Neil Gorsuch Will Be Confirmed to the Supreme Court At This Time Friday

Supreme Court nominee Neil Gorsuch, escorted by former New Hampshire Sen. Kelly Ayotte, heads to meet senators Feb. 2, 2017, on Capitol Hill in Washington. (AP Photo/J. Scott Applewhite)

After Senate Majority Leader Mitch McConnell (R-Ky.) used the nuclear option to push the nomination of Neil Gorsuch to a Senate vote, he announced that the upper body will decide President Donald Trump’s Supreme Court nominee’s fate on midday Friday.

CNN reported the approximate time: “The chamber is now expected to vote to confirm Gorsuch Friday around 11:30 a.m. ET.”

While the Senate will debate the nomination of Judge Gorsuch on Friday morning, the debate is little more than symbolic at this point. As Fox News reported, Gorsuch can count on 55 votes at roughly 11:30 a.m. Eastern. This tally includes all 52 Republicans along with three moderate Democrats from states Trump won last November: West Virginia’s Joe Manchin, North Dakota’s Heidi Heitkamp, and Indiana’s Joe Donnelly.

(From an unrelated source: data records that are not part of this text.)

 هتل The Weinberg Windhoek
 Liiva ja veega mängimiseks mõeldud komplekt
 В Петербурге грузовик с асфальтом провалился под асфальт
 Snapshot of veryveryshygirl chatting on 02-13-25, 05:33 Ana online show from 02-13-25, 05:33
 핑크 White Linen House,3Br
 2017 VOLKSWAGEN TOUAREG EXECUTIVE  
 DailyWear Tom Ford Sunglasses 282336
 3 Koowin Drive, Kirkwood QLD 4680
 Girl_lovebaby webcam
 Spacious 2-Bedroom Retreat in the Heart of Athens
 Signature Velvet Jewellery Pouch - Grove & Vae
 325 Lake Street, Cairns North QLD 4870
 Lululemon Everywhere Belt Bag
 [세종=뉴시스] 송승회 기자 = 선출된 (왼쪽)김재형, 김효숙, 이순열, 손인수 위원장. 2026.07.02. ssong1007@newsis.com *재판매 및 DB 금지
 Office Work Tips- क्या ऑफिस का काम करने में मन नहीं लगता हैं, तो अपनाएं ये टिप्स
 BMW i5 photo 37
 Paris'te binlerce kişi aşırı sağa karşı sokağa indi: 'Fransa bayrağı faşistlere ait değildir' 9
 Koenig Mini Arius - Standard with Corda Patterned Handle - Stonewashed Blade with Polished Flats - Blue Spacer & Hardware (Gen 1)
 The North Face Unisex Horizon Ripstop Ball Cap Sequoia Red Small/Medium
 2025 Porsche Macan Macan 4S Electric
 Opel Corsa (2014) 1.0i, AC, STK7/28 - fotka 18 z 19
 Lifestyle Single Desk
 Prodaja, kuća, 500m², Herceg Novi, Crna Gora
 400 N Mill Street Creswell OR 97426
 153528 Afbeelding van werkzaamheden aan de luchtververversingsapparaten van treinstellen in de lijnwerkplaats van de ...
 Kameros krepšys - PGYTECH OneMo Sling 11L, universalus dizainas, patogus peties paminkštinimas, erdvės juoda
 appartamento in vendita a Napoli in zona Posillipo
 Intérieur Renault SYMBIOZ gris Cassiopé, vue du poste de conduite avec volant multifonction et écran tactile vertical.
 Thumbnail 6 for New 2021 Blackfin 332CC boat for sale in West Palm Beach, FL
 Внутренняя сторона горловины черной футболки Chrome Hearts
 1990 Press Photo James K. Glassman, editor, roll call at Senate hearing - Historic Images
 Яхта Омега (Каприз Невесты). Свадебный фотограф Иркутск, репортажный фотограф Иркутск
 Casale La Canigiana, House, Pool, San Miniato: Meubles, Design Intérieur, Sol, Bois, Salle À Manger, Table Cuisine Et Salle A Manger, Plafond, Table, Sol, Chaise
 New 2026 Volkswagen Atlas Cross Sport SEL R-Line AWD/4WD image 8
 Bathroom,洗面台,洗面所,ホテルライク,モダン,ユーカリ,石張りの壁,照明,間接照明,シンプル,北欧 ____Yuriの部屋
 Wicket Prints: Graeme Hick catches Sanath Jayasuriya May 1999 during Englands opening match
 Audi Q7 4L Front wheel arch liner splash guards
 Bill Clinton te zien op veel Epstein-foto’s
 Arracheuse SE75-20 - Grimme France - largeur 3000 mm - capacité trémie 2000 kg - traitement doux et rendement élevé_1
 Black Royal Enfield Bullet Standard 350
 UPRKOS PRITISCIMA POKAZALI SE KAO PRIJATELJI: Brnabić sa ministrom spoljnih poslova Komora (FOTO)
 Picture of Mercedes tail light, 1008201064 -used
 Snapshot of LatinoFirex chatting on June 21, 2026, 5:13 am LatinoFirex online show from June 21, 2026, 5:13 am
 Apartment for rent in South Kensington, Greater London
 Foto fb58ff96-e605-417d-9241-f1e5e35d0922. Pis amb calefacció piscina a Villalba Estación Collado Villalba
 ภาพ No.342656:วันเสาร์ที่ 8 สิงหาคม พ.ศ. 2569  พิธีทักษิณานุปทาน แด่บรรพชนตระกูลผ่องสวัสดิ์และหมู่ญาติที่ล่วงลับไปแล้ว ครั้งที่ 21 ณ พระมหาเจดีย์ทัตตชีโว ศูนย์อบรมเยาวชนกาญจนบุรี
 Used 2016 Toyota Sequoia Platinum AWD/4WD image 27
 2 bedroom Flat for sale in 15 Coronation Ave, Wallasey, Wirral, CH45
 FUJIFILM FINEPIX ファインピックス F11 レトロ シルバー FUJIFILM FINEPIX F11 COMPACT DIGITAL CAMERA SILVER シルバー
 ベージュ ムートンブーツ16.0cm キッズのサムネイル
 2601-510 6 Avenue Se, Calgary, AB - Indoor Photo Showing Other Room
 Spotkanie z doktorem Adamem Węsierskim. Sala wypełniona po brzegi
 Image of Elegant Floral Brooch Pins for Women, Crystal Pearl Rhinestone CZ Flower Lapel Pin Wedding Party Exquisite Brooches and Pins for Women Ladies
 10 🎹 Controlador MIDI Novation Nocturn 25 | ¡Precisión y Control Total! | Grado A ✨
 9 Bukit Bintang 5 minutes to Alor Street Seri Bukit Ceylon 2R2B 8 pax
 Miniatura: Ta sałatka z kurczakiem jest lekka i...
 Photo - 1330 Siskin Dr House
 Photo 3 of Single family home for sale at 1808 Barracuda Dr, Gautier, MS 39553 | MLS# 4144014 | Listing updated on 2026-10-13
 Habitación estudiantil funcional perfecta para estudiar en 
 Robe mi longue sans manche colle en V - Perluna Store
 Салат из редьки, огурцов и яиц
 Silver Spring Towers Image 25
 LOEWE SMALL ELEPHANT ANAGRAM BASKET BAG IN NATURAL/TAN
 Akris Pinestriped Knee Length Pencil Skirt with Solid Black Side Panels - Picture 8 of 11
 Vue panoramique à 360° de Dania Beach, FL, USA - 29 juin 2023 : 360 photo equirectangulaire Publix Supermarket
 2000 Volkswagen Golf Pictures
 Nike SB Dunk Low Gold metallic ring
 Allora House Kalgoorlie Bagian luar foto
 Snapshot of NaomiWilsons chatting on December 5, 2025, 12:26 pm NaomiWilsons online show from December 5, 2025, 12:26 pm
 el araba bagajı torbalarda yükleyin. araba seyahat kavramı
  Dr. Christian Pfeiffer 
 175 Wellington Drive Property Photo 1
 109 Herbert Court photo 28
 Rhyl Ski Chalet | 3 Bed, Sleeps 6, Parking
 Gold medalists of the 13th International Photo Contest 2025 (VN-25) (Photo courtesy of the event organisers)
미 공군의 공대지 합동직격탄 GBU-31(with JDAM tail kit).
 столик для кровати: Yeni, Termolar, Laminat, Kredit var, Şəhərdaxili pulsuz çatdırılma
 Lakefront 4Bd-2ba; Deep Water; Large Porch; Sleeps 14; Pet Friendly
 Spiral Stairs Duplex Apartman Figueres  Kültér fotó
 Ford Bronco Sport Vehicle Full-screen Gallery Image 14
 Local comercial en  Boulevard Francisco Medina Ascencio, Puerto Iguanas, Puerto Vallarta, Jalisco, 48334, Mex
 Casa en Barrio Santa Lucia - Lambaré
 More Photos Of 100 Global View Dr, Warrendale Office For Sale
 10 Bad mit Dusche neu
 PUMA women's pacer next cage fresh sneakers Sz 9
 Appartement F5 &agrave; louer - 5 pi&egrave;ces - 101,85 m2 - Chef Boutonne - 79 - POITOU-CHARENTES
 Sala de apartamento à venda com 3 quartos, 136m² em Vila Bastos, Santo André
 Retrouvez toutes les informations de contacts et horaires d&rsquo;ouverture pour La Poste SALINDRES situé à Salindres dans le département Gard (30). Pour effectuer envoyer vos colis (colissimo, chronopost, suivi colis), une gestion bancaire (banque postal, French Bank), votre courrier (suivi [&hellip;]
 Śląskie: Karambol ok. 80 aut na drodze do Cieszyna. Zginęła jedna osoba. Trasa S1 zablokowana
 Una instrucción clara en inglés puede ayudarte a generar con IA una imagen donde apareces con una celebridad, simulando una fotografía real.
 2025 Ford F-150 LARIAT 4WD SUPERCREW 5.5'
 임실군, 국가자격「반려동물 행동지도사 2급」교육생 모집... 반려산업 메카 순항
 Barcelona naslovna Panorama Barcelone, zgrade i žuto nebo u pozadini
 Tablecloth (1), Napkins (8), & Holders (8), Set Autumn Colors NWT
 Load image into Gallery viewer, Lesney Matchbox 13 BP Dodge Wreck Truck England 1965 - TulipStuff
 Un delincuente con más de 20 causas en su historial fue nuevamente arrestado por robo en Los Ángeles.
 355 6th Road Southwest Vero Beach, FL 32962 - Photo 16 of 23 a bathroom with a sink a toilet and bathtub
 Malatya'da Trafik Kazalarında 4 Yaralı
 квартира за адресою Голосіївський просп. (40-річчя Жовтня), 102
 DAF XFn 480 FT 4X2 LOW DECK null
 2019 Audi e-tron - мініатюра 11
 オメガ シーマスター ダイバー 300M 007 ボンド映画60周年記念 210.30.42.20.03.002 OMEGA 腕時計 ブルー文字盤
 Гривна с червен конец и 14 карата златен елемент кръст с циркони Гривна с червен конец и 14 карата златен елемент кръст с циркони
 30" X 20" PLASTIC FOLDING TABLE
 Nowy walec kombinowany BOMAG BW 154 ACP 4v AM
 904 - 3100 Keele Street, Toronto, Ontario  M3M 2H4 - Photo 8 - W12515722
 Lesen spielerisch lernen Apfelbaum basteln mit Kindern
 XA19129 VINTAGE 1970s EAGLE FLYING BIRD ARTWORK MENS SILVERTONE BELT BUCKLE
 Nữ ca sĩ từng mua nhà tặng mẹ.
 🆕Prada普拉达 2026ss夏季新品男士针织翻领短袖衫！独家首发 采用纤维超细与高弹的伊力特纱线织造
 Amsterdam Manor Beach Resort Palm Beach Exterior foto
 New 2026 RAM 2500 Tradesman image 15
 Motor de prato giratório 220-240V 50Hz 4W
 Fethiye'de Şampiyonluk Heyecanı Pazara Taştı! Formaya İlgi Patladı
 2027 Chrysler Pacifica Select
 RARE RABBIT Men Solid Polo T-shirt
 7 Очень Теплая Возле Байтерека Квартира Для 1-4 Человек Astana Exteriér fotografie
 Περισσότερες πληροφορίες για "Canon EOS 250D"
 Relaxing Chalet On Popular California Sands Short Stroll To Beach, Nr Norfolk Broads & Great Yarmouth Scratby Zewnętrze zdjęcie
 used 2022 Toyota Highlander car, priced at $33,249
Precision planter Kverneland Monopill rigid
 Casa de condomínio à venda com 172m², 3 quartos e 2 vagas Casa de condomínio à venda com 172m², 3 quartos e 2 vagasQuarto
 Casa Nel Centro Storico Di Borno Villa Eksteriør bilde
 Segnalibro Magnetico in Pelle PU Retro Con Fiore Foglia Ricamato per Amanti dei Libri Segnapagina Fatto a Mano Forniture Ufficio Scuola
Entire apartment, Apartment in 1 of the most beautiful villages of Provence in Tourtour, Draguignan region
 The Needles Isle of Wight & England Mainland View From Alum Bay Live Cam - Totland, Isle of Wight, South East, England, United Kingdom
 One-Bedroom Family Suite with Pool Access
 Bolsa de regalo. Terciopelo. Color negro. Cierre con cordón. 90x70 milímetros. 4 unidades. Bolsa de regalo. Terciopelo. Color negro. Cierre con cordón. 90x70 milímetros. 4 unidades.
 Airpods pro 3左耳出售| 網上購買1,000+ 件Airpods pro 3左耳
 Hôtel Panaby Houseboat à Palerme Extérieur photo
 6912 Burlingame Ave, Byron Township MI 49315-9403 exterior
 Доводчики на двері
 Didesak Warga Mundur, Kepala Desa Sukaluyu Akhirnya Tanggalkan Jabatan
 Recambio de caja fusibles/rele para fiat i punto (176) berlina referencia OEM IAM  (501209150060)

Michael Bennett, the Democrat senator from Colorado, Gorsuch’s home state, has not publicly announced whether he will vote for the nominee. Given the fact that his vote makes little difference, it is likely he will support Gorsuch, who will be the second justice on the Supreme Court to serve from the great state of Colorado. (After all, he was endorsed by John Elway.)

The key vote happened today, when the Senate Democrats decided to filibuster the “cloture” vote, trying to stop Gorsuch from reaching a simple up-or-down vote in the Senate. McConnell stopped that with the “nuclear option.”

On Friday, Neil Gorsuch will replace Antonin Scalia on the Supreme Court of the United States. It’s time to watch history.